Question

In springboard diving, the diver strides out to the end of the board, takes a jump onto its end, and uses the resultant spring-like nature of the board to help propel him into the air. Assume that the diver's motion is essentially vertical. He leaves the board, which is 3.0 m above the water, with a speed of 6.3 m/s. The diver is in the air for 1.7 s from when he left the board to the water.
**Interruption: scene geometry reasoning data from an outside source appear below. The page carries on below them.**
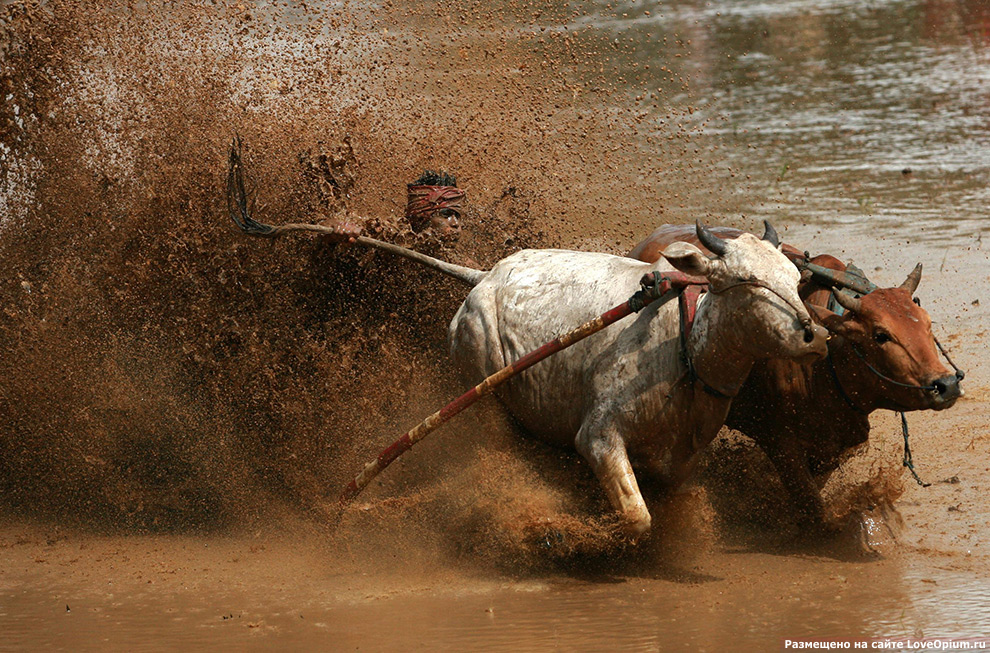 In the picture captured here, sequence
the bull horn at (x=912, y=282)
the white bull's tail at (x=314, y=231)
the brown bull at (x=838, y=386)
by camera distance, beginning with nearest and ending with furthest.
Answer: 1. the brown bull at (x=838, y=386)
2. the bull horn at (x=912, y=282)
3. the white bull's tail at (x=314, y=231)

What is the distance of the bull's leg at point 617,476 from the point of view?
4.94 meters

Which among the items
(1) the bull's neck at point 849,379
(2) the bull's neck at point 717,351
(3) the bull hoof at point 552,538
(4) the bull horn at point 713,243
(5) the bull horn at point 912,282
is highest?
(4) the bull horn at point 713,243

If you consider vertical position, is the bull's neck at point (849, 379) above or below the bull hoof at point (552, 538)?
above

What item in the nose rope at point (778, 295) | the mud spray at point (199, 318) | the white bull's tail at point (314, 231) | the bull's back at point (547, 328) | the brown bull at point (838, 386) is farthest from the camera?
the mud spray at point (199, 318)

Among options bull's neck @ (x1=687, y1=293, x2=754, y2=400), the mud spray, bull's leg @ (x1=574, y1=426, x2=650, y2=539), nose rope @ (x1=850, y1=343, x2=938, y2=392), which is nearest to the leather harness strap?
bull's neck @ (x1=687, y1=293, x2=754, y2=400)

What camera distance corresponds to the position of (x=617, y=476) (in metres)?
5.02

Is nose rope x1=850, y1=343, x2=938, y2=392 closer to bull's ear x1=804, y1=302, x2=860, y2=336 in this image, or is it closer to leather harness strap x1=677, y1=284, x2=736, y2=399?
bull's ear x1=804, y1=302, x2=860, y2=336

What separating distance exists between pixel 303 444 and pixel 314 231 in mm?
1094

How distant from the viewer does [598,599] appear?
16.5ft

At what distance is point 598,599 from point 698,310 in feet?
4.05

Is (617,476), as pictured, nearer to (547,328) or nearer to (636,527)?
(636,527)

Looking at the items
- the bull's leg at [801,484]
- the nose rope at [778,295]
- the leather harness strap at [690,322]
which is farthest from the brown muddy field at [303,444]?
the nose rope at [778,295]

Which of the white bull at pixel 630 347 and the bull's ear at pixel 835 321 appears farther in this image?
the bull's ear at pixel 835 321

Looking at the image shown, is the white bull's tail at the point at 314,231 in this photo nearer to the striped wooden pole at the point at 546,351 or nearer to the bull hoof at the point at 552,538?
the striped wooden pole at the point at 546,351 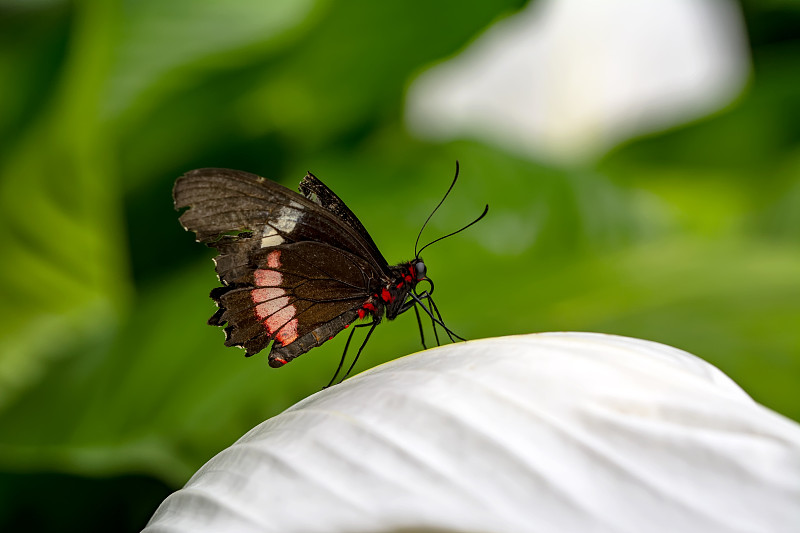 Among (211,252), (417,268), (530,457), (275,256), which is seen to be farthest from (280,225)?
(211,252)

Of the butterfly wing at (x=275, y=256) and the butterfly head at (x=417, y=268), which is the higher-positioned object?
the butterfly wing at (x=275, y=256)

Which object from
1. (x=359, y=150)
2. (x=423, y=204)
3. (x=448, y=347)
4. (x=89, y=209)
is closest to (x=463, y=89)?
(x=359, y=150)

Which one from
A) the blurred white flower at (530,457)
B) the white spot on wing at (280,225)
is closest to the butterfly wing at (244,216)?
the white spot on wing at (280,225)

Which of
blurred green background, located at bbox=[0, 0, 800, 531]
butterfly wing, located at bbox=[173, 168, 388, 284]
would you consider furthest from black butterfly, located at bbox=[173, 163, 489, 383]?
blurred green background, located at bbox=[0, 0, 800, 531]

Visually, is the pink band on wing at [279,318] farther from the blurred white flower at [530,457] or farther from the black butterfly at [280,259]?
the blurred white flower at [530,457]

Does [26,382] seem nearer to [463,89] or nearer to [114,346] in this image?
[114,346]

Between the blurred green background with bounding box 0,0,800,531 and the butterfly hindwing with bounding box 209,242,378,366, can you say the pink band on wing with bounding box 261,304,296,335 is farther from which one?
the blurred green background with bounding box 0,0,800,531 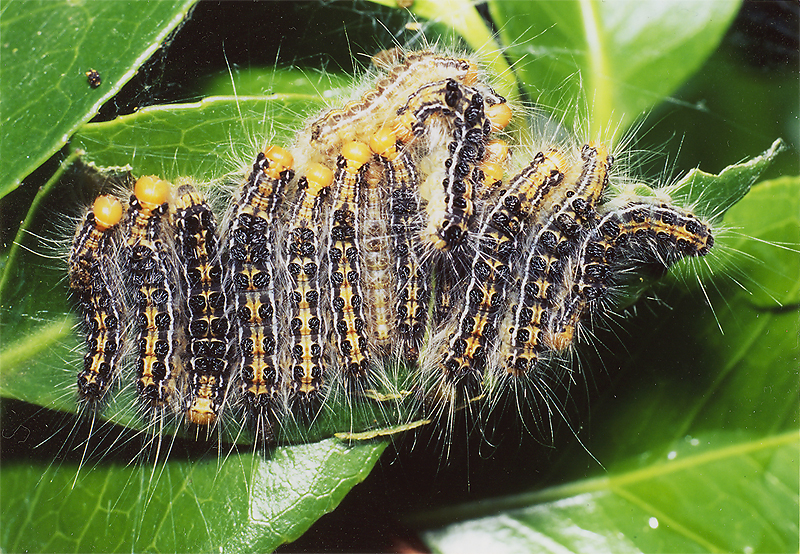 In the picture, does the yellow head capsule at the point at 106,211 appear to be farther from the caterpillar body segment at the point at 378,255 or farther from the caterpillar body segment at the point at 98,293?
the caterpillar body segment at the point at 378,255

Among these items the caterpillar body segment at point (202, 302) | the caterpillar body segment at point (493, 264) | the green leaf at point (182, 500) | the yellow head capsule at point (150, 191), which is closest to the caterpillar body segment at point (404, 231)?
the caterpillar body segment at point (493, 264)

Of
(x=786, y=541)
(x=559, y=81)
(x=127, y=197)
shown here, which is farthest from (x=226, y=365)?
(x=786, y=541)

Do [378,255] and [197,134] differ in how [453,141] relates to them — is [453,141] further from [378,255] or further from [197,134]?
[197,134]

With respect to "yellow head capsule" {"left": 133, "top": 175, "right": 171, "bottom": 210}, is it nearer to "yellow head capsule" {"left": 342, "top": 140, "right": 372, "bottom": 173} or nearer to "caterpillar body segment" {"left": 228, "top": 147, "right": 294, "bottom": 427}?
"caterpillar body segment" {"left": 228, "top": 147, "right": 294, "bottom": 427}

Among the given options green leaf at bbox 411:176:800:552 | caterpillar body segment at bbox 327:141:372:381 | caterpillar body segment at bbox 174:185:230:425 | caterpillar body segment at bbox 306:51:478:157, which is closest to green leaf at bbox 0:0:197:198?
caterpillar body segment at bbox 174:185:230:425

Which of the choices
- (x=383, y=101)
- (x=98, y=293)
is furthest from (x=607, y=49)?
(x=98, y=293)

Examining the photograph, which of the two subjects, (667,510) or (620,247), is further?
(667,510) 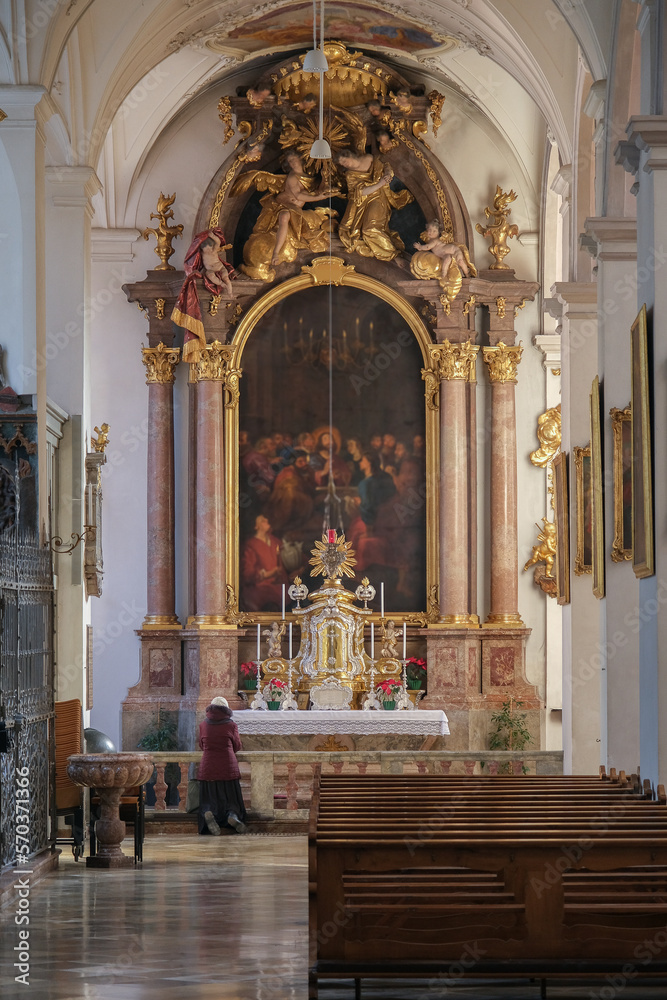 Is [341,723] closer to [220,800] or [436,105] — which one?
[220,800]

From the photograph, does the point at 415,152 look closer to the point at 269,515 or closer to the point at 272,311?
the point at 272,311

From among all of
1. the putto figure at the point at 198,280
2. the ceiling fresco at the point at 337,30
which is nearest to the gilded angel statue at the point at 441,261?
the ceiling fresco at the point at 337,30

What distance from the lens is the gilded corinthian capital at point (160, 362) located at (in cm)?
1808

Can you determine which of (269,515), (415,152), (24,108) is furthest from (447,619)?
(24,108)

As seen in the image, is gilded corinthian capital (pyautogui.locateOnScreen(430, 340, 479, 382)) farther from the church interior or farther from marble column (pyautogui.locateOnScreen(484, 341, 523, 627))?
marble column (pyautogui.locateOnScreen(484, 341, 523, 627))

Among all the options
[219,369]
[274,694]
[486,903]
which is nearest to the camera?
[486,903]

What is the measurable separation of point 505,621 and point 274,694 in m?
3.08

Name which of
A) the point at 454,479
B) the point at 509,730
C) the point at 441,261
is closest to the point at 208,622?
the point at 454,479

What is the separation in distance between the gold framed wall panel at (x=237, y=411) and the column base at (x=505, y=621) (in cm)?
81

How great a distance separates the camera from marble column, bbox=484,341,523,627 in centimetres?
1795

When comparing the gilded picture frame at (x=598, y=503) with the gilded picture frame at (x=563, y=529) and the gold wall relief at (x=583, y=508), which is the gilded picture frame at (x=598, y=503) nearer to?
the gold wall relief at (x=583, y=508)

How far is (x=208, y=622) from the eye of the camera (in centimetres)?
1761

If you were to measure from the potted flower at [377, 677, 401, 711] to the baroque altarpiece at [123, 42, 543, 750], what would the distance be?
0.53 meters

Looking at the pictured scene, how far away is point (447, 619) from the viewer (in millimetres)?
17766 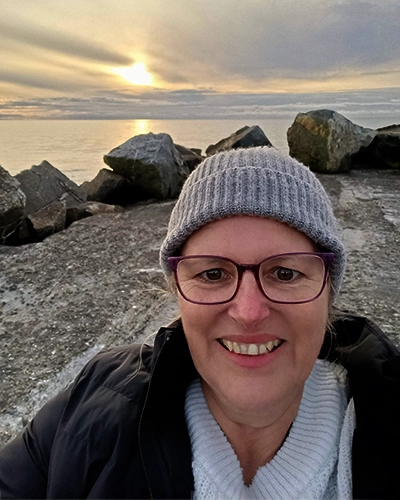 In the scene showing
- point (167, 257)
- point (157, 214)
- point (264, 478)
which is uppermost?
point (167, 257)

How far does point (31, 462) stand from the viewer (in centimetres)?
136

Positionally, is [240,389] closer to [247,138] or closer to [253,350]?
[253,350]

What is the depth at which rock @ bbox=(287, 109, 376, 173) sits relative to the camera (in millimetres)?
8062

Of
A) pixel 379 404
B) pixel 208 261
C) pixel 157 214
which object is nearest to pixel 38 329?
pixel 208 261

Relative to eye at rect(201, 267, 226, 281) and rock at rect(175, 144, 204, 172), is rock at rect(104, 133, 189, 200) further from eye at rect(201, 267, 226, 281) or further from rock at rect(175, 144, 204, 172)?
eye at rect(201, 267, 226, 281)

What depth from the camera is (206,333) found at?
3.99 ft

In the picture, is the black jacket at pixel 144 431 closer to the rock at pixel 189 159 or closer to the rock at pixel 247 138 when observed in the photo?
the rock at pixel 189 159

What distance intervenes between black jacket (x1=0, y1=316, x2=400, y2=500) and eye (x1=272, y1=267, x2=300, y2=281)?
1.19ft

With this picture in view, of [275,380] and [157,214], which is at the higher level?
[275,380]

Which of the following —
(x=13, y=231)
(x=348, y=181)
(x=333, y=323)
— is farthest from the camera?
(x=348, y=181)

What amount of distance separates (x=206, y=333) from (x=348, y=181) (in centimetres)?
691

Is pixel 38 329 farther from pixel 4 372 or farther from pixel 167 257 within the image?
pixel 167 257

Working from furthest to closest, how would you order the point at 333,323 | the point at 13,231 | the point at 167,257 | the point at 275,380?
the point at 13,231 < the point at 333,323 < the point at 167,257 < the point at 275,380

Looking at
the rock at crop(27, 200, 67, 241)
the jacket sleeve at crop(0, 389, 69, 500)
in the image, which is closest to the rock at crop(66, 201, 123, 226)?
the rock at crop(27, 200, 67, 241) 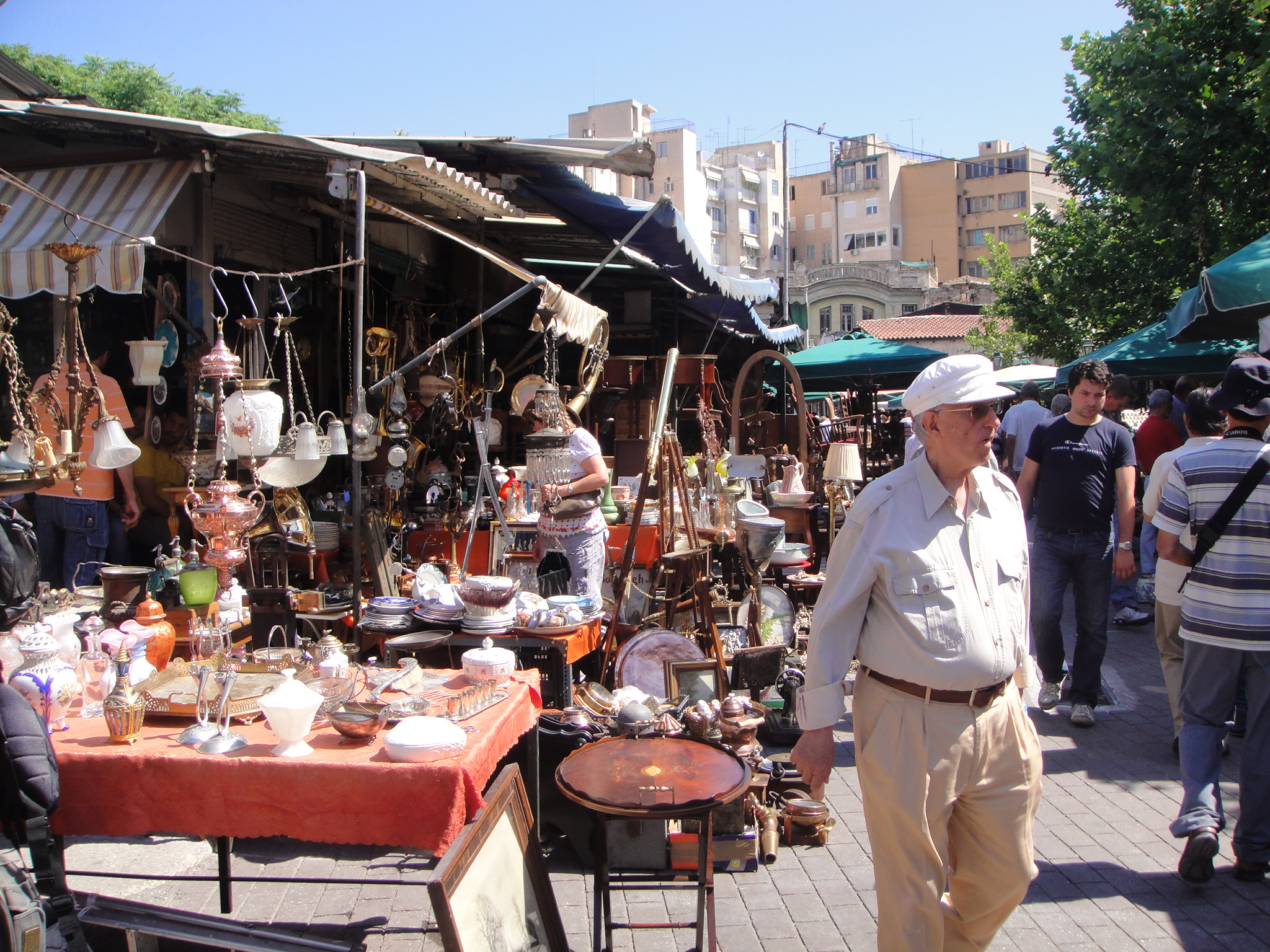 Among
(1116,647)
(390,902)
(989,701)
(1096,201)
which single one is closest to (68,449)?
(390,902)

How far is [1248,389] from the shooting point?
11.9 ft

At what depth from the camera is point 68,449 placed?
391cm

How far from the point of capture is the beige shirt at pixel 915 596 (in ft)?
7.84

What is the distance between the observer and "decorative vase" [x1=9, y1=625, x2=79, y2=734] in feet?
9.33

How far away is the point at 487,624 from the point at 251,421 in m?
1.42

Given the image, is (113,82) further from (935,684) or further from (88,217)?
(935,684)

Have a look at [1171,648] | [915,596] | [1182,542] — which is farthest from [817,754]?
[1171,648]

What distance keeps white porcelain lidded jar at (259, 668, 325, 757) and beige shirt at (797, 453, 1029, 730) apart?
4.72 feet

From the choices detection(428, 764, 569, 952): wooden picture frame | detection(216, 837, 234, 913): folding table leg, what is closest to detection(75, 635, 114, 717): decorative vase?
detection(216, 837, 234, 913): folding table leg

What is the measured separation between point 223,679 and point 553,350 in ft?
12.8

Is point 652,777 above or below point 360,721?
below

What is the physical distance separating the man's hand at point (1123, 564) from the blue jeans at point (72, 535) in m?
5.78

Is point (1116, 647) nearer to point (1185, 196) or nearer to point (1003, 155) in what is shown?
point (1185, 196)

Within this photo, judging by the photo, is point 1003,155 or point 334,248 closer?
point 334,248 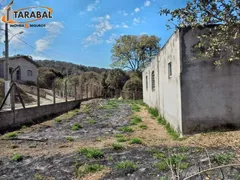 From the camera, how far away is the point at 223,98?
5.99 metres

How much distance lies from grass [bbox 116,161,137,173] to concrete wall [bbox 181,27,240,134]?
2.59 m

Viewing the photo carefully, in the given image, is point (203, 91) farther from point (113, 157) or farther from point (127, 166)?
point (127, 166)

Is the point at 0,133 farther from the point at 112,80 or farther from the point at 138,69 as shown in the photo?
the point at 138,69

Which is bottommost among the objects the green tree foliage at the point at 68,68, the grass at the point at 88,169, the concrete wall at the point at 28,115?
the grass at the point at 88,169

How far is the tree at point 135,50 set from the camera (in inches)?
1444

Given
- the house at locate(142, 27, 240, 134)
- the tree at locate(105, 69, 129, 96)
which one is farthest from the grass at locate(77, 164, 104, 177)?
the tree at locate(105, 69, 129, 96)

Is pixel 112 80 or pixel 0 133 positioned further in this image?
pixel 112 80

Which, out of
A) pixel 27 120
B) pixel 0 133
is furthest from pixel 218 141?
pixel 27 120

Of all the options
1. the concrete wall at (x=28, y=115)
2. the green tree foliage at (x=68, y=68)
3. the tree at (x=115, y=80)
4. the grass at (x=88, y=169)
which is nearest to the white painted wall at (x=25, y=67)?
the tree at (x=115, y=80)

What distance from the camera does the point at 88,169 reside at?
3.71 meters

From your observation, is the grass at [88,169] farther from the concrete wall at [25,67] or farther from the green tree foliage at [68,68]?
the green tree foliage at [68,68]

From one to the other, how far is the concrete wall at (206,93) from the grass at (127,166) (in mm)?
2595

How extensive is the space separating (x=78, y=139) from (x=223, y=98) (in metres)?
4.22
What is the speed of the diver when he reaches the water?
Express your answer with the appropriate units.

Answer 1

Answer:

final speed with which it will hit the water is v = 9.92 m/s

Explanation:

Here we know that diver's motion is essentially in air

So the motion of diver is under gravity at uniform acceleration

so we can use kinematic in order to find the final velocity

so we will have

$v_f^2 - v_i^2 = 2ad$

$v_f^2 - 6.3^2 = 2(9.8)(3)$

so we will have

$v_f = 9.92 m/s$

so final speed with which it will hit the water is v = 9.92 m/s

Answer 2

Answer:

10.4 m/s

Explanation:

The problem can be solved by using the following SUVAT equation:

$v=u+at$

where

v is the final velocity

u is the initial velocity

a is the acceleration

t is the time

For the diver in the problem, we have:

$u=+6.3 m/s$ is the initial velocity (positive because it is upward)

$a=g=-9.8 m/s^2$ is the acceleration of gravity (negative because it is downward)

By substituting t = 1.7 s, we find the velocity when the diver reaches the water:

$v=+6.3 + (-9.8)(1.7)=-10.4 m/s$

And the negative sign means that the direction is downward: so, the speed is 10.4 m/s.